TASK ITEM:
Exactly as written, print every line of the listing below and omit its pictures.

•••

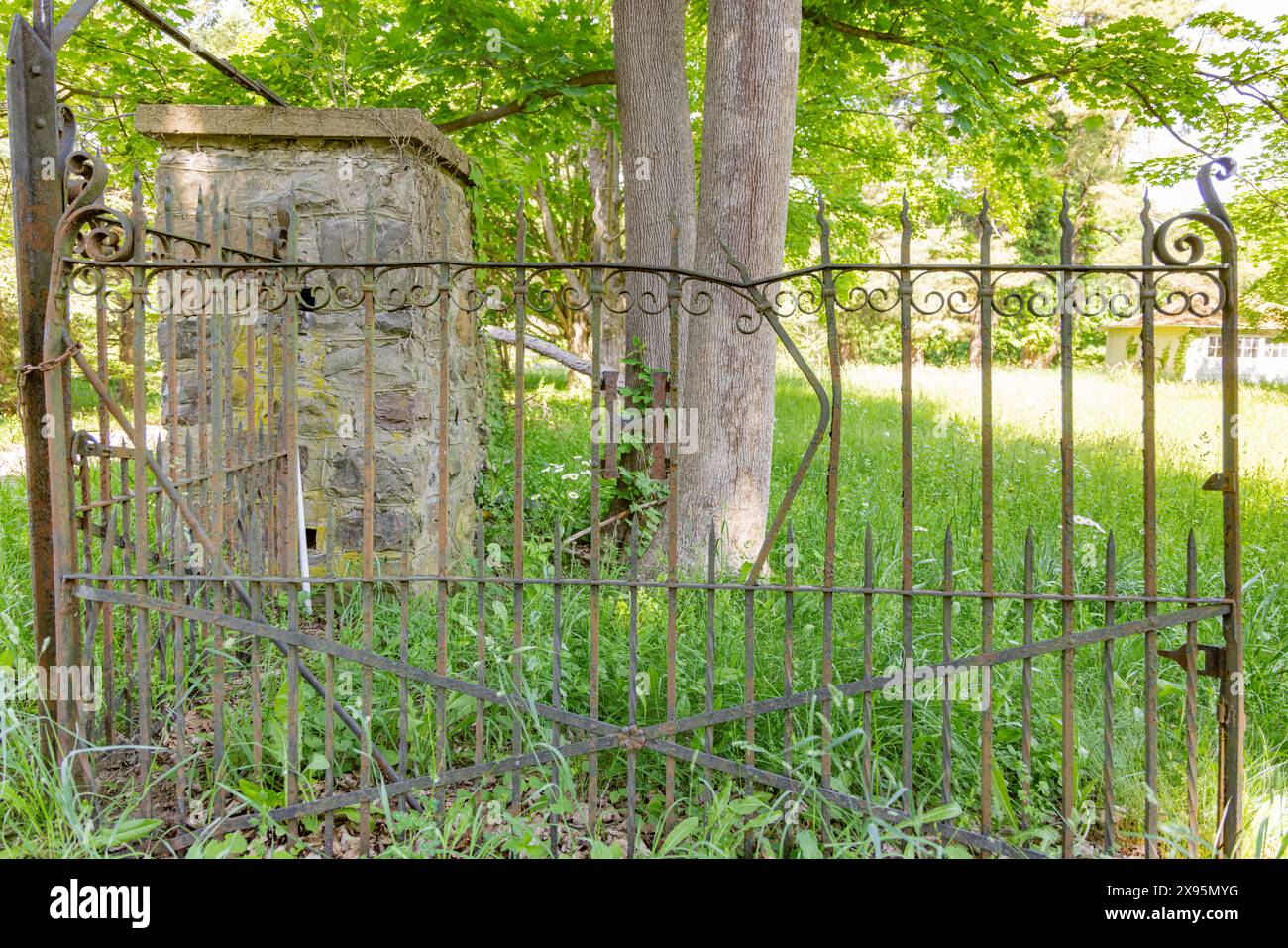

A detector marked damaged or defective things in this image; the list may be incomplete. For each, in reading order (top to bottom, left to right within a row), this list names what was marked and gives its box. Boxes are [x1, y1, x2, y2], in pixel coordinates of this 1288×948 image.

rusty gate hinge [1200, 474, 1231, 496]
rusty wrought iron gate [40, 150, 1241, 860]
rusty gate hinge [1164, 641, 1221, 680]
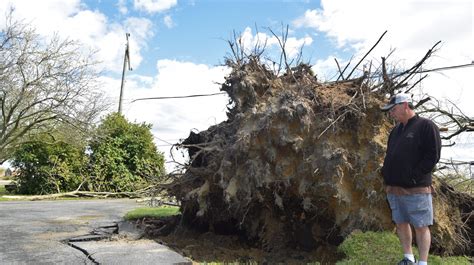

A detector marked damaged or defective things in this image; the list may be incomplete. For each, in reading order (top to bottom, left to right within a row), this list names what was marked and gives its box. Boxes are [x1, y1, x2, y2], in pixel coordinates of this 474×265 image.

•••

RESPONSE TO THE EXERCISE:
A detector marked damaged or defective things in this image; the list may be incomplete. For each, in reading order (top to bottom, left to right within a row), this list names what was marked and gives its box. Boxes are [x1, y1, x2, y2], in pixel coordinates of this 1288×948 image.

rusty gate hinge [1200, 474, 1231, 496]
rusty wrought iron gate [40, 150, 1241, 860]
rusty gate hinge [1164, 641, 1221, 680]

A detector marked damaged or defective things in this image; the list may be incomplete. For each, in reading order (top to bottom, left to right within a row), this list names what was marked and gives its box. Boxes are [x1, y1, x2, y2], in pixel coordinates of this 474×265 image.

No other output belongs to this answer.